# Topic Modeling on Article Texts using BERTopic

This notebook demonstrates how to use the BERTopic model for topic modeling on a collection of texts. We apply it to a DataFrame column called `full_text` and generate multiple visualizations to explore the topics and their distributions.



> 💡 Note: Make sure `bertopic`, `umap-learn`, `hdbscan`, and `sentence-transformers` are installed in your environment.



## 📦 Import Required Libraries

We import:
- `pandas` for loading the dataset
- `BERTopic` for topic modeling
- `matplotlib` and `plotly` for visualizations


In [1]:

import pandas as pd
from bertopic import BERTopic
import matplotlib.pyplot as plt
import plotly.io as pio

pio.renderers.default = 'notebook'


ModuleNotFoundError: No module named 'bertopic'


## 📄 Load Dataset

We load the dataset from a CSV file named `data/parsed_data_with_LLM_summaries.csv` which is expected to contain a `full_text` column.


In [None]:

df = pd.read_csv("NLS_wit_LLM_summaries.csv")
documents = df['full_text'].dropna().astype(str).tolist()
print(f"Loaded {len(documents)} documents.")



## 🧠 Create and Fit the BERTopic Model

We create a BERTopic model instance and fit it on the list of documents.

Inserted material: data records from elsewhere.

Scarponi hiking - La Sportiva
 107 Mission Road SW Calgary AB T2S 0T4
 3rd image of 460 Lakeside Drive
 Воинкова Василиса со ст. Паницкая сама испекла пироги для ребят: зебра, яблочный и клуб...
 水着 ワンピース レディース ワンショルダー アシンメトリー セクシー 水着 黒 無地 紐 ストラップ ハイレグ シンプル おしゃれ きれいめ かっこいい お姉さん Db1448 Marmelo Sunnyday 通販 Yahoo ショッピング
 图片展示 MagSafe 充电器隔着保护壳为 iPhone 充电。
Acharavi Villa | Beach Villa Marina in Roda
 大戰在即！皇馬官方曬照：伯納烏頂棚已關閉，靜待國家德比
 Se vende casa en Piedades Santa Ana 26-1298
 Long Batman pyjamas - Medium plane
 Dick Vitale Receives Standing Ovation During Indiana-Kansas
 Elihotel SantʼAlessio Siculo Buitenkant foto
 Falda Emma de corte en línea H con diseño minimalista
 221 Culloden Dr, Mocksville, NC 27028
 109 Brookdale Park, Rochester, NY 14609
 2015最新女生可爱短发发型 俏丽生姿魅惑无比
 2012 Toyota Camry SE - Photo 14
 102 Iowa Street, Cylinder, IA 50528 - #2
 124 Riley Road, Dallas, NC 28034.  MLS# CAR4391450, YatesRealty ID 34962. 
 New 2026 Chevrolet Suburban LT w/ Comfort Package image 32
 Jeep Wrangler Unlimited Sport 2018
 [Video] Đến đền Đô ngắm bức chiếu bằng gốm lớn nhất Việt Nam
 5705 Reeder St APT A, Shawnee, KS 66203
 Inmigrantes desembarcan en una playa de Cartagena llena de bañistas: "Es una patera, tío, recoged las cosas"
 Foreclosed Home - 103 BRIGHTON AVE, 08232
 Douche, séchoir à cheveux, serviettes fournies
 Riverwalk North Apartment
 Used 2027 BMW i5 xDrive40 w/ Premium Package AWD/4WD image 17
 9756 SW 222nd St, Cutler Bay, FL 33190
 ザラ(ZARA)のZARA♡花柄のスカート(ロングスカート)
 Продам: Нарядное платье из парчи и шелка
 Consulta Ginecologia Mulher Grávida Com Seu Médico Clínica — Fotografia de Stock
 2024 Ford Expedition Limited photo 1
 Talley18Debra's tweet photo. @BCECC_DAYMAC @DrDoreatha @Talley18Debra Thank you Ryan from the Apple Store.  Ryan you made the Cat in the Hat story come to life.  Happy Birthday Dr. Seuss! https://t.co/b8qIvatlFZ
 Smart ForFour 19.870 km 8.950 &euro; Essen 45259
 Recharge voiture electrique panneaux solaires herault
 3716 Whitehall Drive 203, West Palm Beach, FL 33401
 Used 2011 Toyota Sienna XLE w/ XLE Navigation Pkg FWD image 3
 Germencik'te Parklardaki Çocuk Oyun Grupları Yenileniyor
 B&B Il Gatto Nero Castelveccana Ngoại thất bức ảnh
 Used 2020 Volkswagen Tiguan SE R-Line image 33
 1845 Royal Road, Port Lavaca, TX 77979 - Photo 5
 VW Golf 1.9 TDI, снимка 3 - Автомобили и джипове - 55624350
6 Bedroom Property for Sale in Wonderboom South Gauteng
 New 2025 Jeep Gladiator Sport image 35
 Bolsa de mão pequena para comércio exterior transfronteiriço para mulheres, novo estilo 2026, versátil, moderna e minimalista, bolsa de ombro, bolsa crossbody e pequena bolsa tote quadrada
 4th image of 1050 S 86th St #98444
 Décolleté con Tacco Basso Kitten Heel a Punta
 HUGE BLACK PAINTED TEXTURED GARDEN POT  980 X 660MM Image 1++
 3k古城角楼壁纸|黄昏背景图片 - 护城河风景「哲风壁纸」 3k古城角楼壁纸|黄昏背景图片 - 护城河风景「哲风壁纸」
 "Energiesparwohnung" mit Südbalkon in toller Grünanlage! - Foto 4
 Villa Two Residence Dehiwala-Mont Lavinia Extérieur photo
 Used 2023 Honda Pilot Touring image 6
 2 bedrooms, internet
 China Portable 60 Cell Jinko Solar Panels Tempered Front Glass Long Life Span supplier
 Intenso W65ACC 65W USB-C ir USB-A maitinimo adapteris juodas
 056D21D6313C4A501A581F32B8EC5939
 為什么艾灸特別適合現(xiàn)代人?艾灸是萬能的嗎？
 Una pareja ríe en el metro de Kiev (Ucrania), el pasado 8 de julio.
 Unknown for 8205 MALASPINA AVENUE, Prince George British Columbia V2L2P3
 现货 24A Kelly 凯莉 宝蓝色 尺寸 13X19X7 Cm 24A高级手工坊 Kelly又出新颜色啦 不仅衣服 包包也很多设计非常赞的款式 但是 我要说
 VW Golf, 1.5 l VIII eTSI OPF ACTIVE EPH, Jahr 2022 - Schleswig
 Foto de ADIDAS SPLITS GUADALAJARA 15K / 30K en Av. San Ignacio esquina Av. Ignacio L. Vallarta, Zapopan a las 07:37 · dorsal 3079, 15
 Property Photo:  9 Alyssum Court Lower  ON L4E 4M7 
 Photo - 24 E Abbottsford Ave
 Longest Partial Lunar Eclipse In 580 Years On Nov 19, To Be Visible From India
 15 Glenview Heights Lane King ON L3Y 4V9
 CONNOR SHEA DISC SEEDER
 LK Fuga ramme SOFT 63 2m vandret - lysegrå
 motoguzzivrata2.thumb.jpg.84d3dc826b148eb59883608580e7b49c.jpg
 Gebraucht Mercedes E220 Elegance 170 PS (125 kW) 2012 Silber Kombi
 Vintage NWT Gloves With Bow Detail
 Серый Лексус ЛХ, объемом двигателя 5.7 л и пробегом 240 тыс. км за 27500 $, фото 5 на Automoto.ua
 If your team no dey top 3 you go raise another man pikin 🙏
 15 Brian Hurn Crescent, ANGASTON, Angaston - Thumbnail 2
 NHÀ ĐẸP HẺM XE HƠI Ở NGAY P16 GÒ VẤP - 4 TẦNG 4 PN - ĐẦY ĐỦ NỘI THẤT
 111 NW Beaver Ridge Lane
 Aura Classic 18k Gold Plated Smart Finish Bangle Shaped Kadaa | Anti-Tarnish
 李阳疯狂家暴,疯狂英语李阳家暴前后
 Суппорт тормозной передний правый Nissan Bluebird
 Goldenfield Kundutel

This step may take some time depending on the dataset size.


In [None]:

topic_model = BERTopic(verbose=True)
topics, probs = topic_model.fit_transform(documents)



## 🔍 View Top Topics

We display the most frequent topics and their keywords using `get_topic_info()`.


In [None]:

topic_info = topic_model.get_topic_info()
topic_info.head()



## 📊 Visualize Topic Distribution

We use BERTopic’s built-in interactive visualization to explore topic frequency and relationships.


In [None]:

topic_model.visualize_topics()



## 🔥 Visualize Topic Similarity (Heatmap)

This heatmap shows how semantically similar the topics are to one another.


In [None]:

topic_model.visualize_heatmap()



## 🌳 Visualize Topic Hierarchy

This dendrogram groups topics into a hierarchy based on their semantic relationships.


In [None]:

topic_model.visualize_hierarchy()



## 🧮 Visualize Term Scores per Topic

We can inspect term importance for a specific topic using `visualize_barchart`.


In [None]:

# Example: topic_model.visualize_barchart(topic=1)
topic_model.visualize_barchart()